_EXERCISE_. The line with "Casa de hóspedes" marks the first line to copy, and the line with "La refinería de" marks the last. Transcribe that stretch of the data below exactly, without pictures.

_GIVEN DATA_.
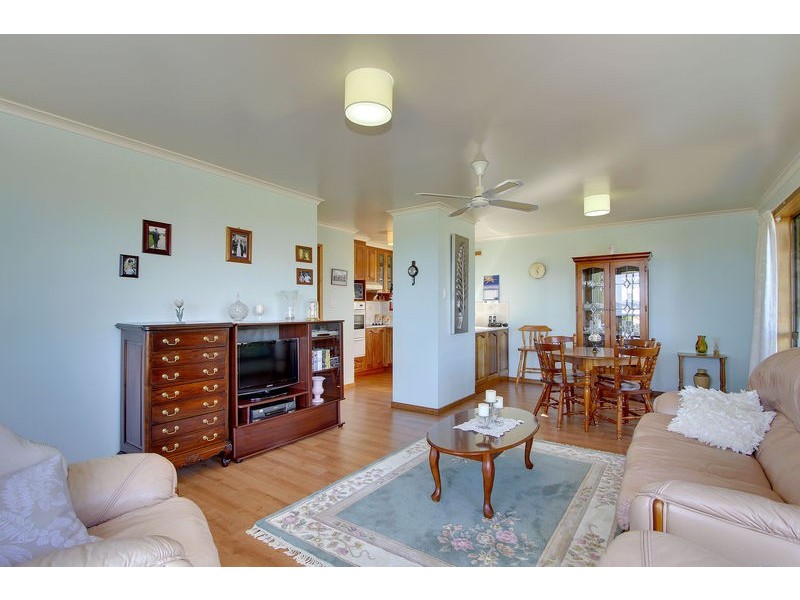 34 Tingira Road, Blackmans Bay TAS 7052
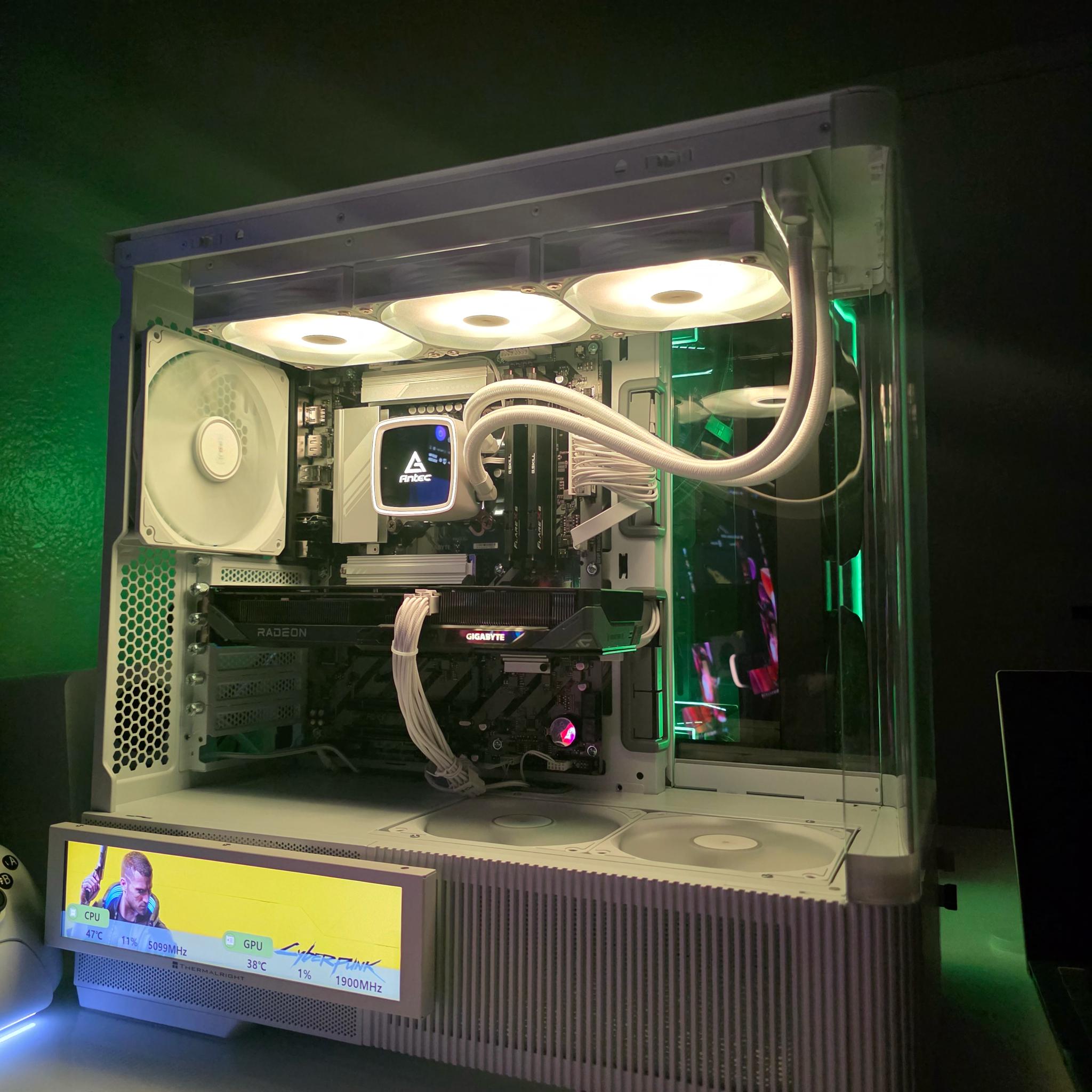 Radeon RX 9060 XT 16GB Custom Gaming PC - Core Ultra 5 250K Plus, 32GB RAM, 1TB NVMe SSD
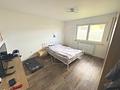 Gepflegtes Ein- / Zweifamilienhaus mit Doppelgarage, Terrasse, und großem Garten - Schlafzimmer EG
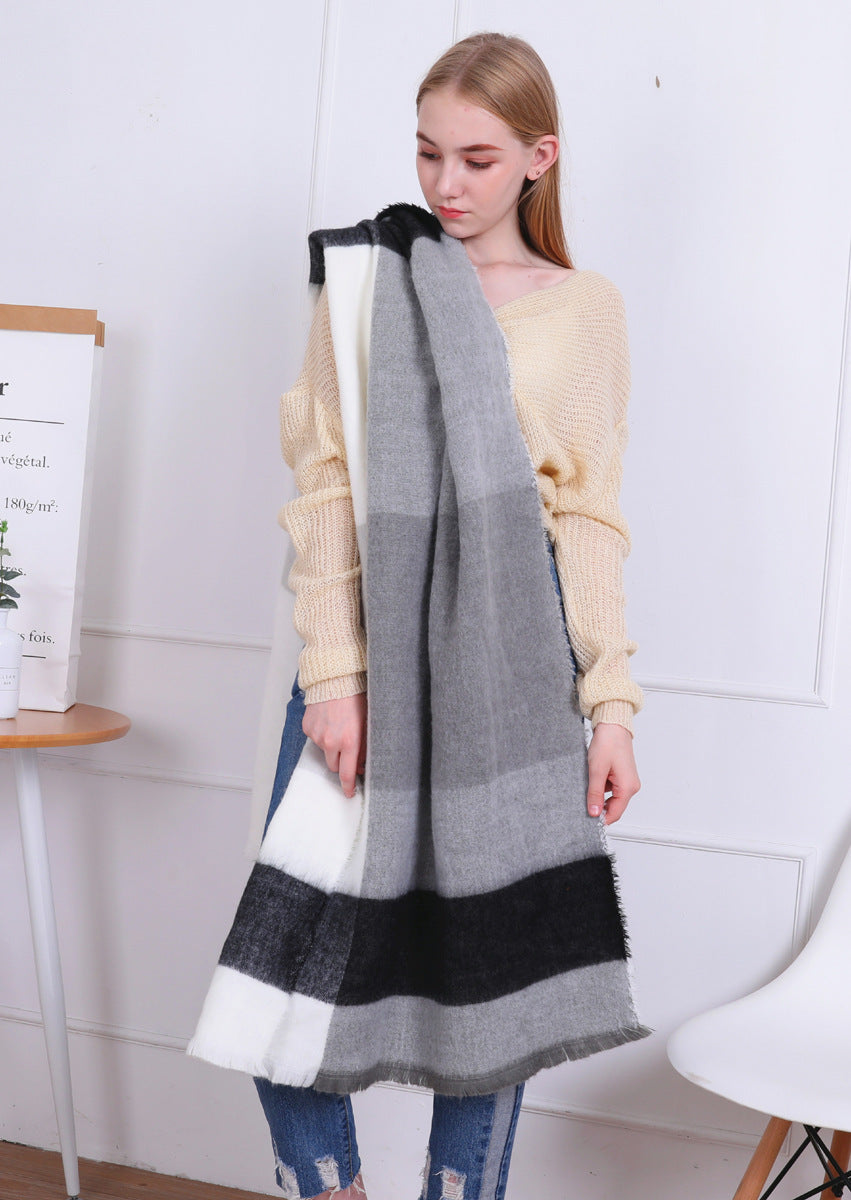 Timeless Plaid Scarf in Soft Cashmere Feel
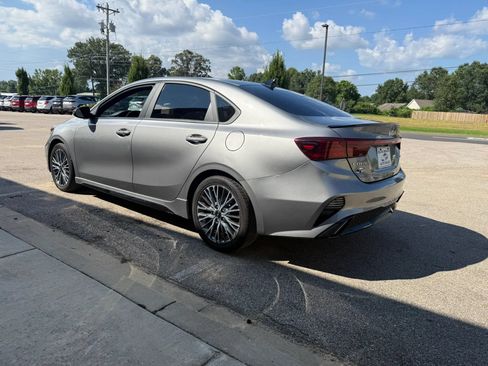 Used 2022 Kia Forte GT-Line w/ GT-Line Premium Package FWD image 5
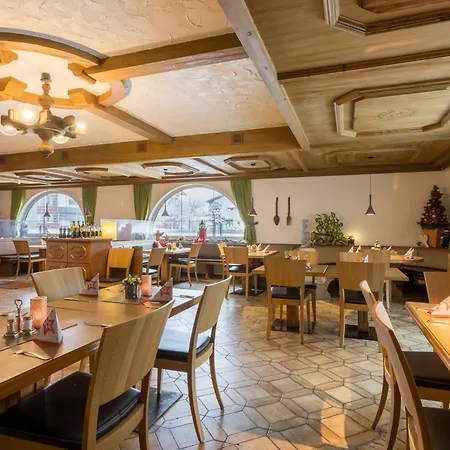 Casa de hóspedes Restaurant Pizzeria Enzian - Sommerbergbahnen Inklusive 4*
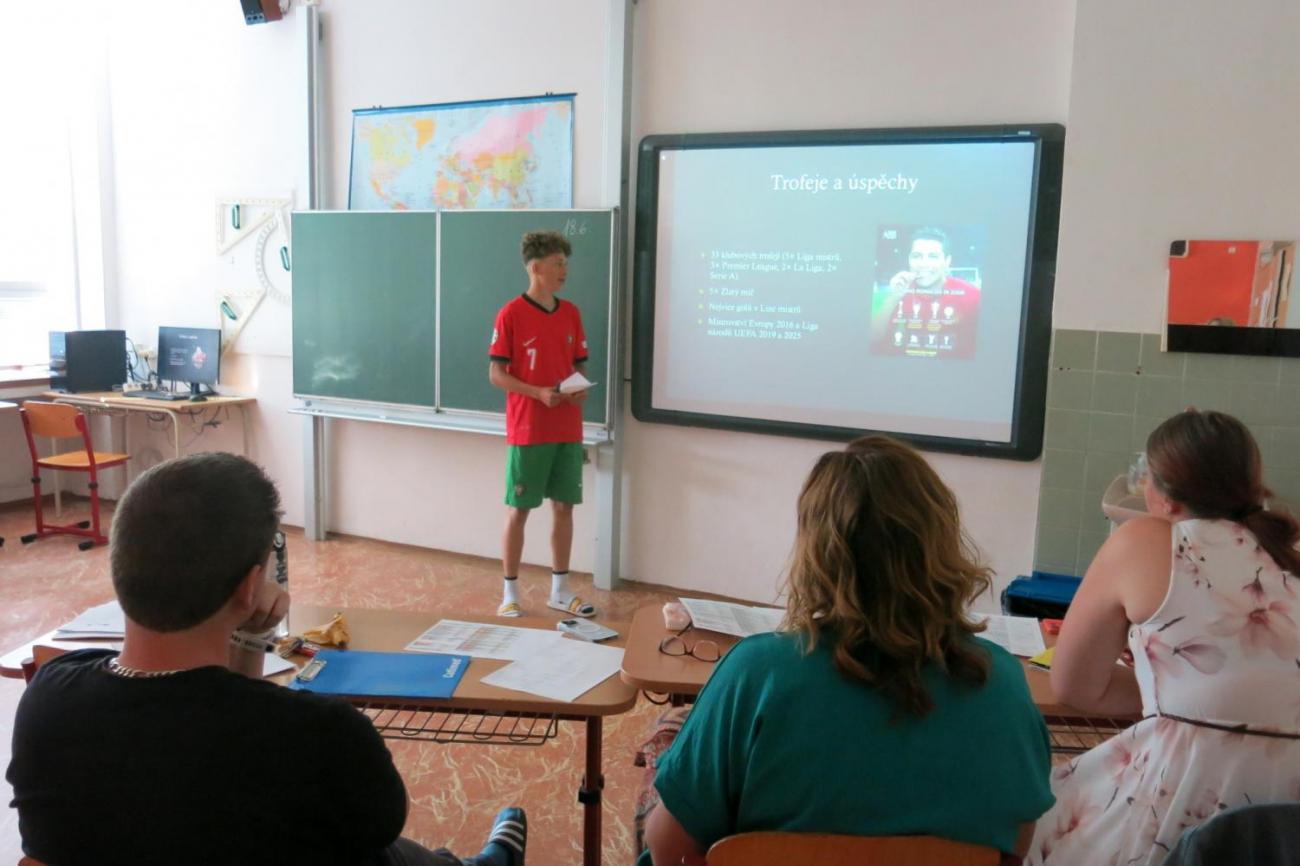 Deváťáci prezentují své ročníkové práce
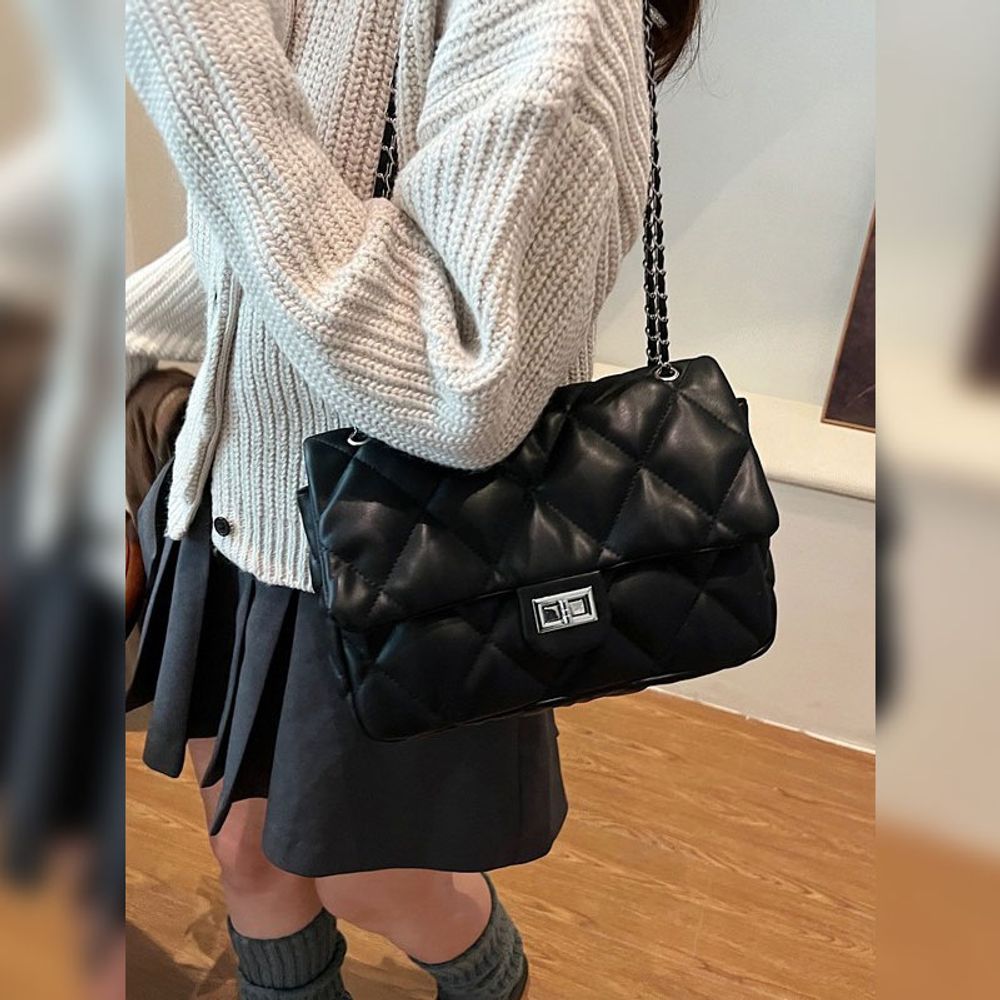 Trendy Messenger Bag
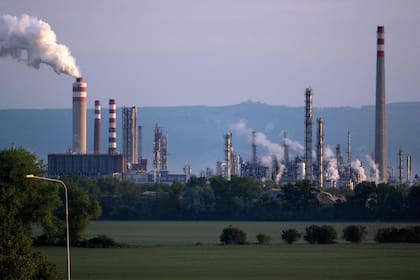 La refinería de petróleo mineral más grande de Eslovaquia, Slovnaft, en Bratislava. (Photo by JOE KLAMAR / AFP)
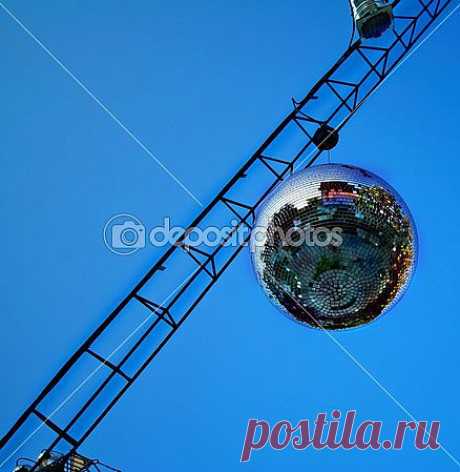 Зеркальный шар — Stock Image © Vadim Vyazovikov #38794983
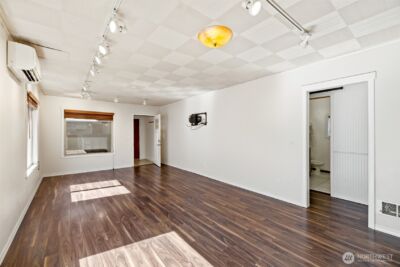 529 E 2nd Street , Port Angeles, WA 98362 - Photo 9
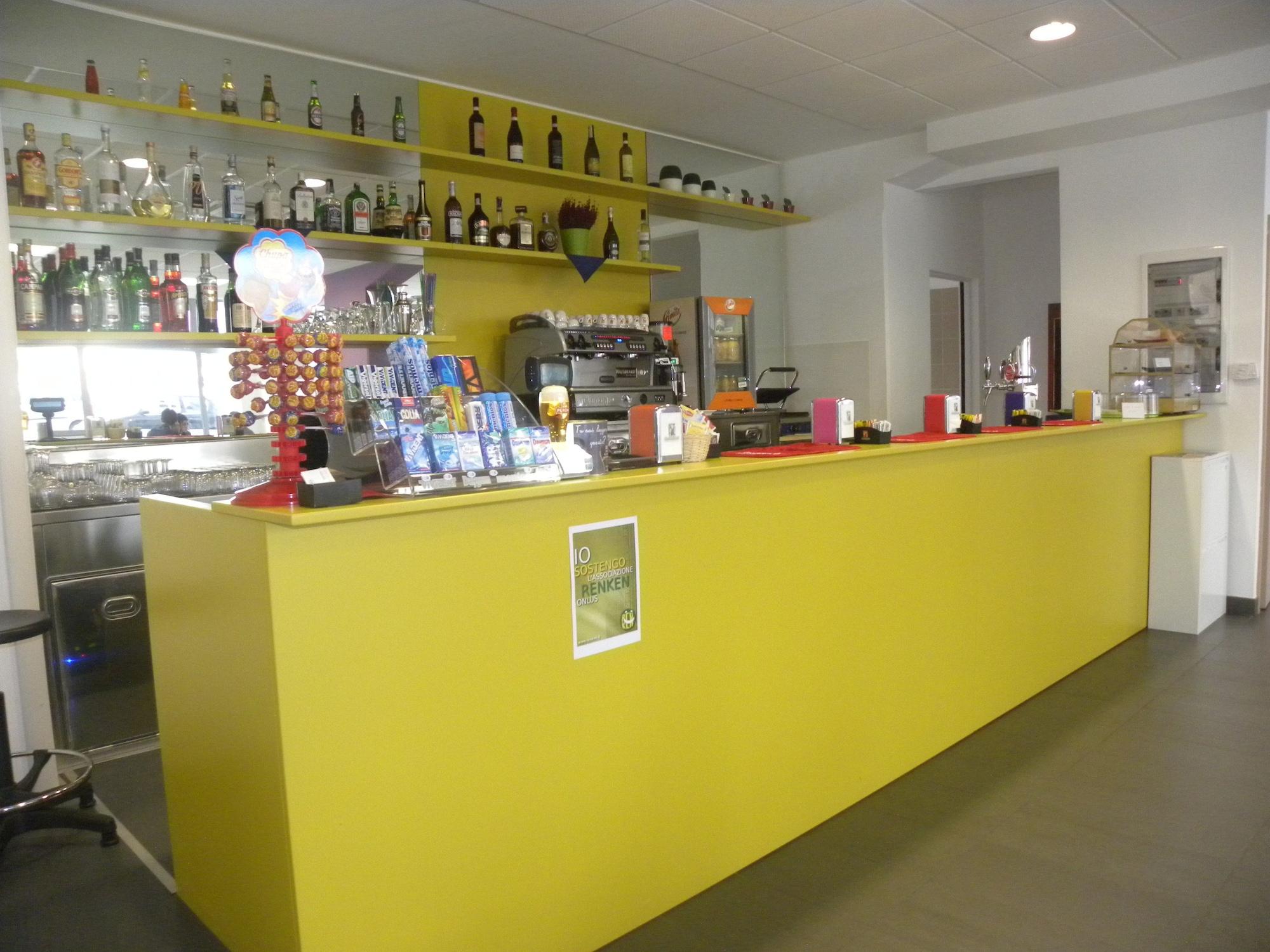 Bar/Salón Hotel Sharing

_ANSWER SECTION_.
 Casa de hóspedes Restaurant Pizzeria Enzian - Sommerbergbahnen Inklusive 4*
 Deváťáci prezentují své ročníkové práce
 Trendy Messenger Bag
 La refinería de petróleo mineral más grande de Eslovaquia, Slovnaft, en Bratislava. (Photo by JOE KLAMAR / AFP)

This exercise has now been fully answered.